Da come si intuisce durante tutto l’arco narrativo, l’epilogo non può che essere negativo. Marcello, dopo aver preso parte a una festa orgiastica, si ritrova in riva al mare. Qui intravede Paola, una ragazzina che lavorava in un bar su una spiaggia dove Marcello aveva provato a scrivere. La ragazza, allegoria dell’innocenza, cerca di dirgli qualcosa, ma lui non riesce a sentirla. È segno di un’incomunicabilità tra due personalità che vorrebbero avvicinarsi ma che rimangono inconciliabili. Marcello è infatti ormai inebetito e incapace di dare una svolta alla sua esistenza. Dopo essere stato chiamato più volte e invano, il protagonista alza le mani come in segno di resa e torna dai suoi amici. Il film finisce così come è iniziato: Marcello è bloccato in un piacere vuoto che gli impedisce di riscattarsi e vivere autenticamente.
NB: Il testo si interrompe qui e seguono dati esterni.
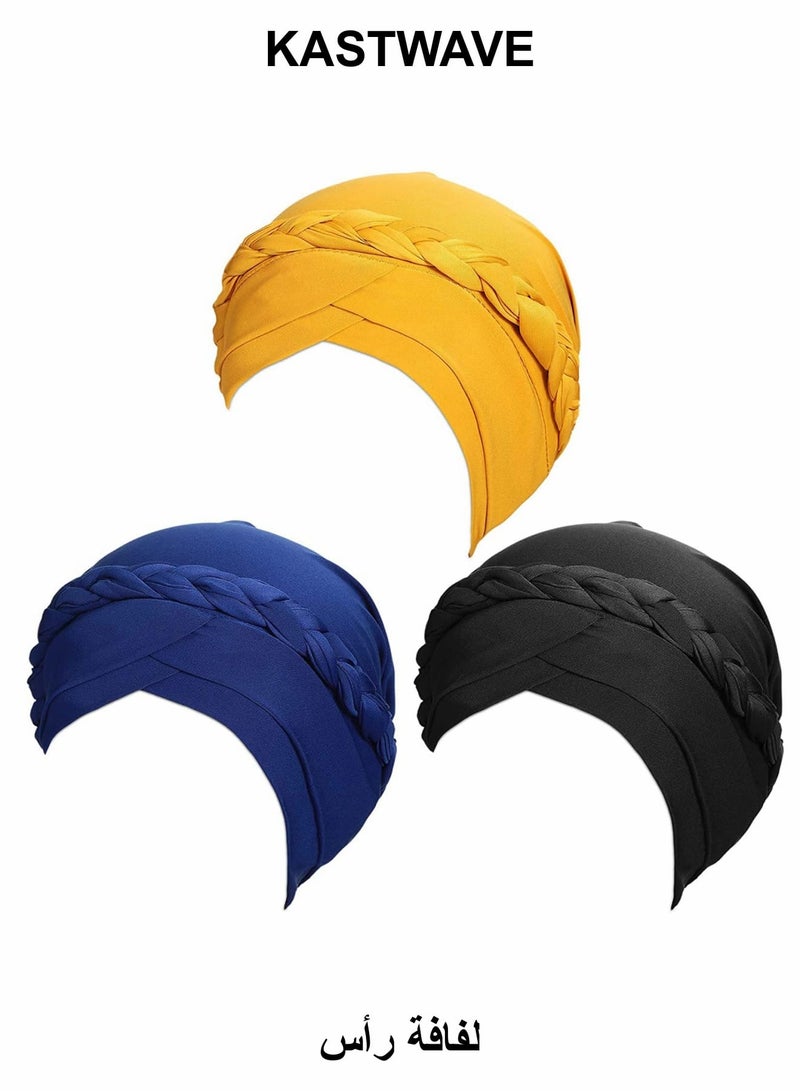 KASTWAVE Turban Head Wrap Pink Pattern Head Scarf Soft Flower Print Head Cover Cap Headwear for Women and Girls(3 Pieces ) - Image 1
Fellini non solo ha creato un’opera di altissima levatura artistica, ma ha rappresentato la crisi culturale e sociale di un’Italia che si apprestava ad entrare nel boom economico. La dolce vita segna infatti la fine del cinema neorealista italiano e si affaccia su una società nuova, che abbandona vecchi valori e va alla ricerca di ispirazioni e rivelazioni che possano dare genuinità alle cose della vita. Il genio felliniano intuisce e anticipa la crisi di una generazione che si nasconde in piaceri vuoti, caratterizzata da un benessere solo esteriore che la porta alla noia e alla disillusione.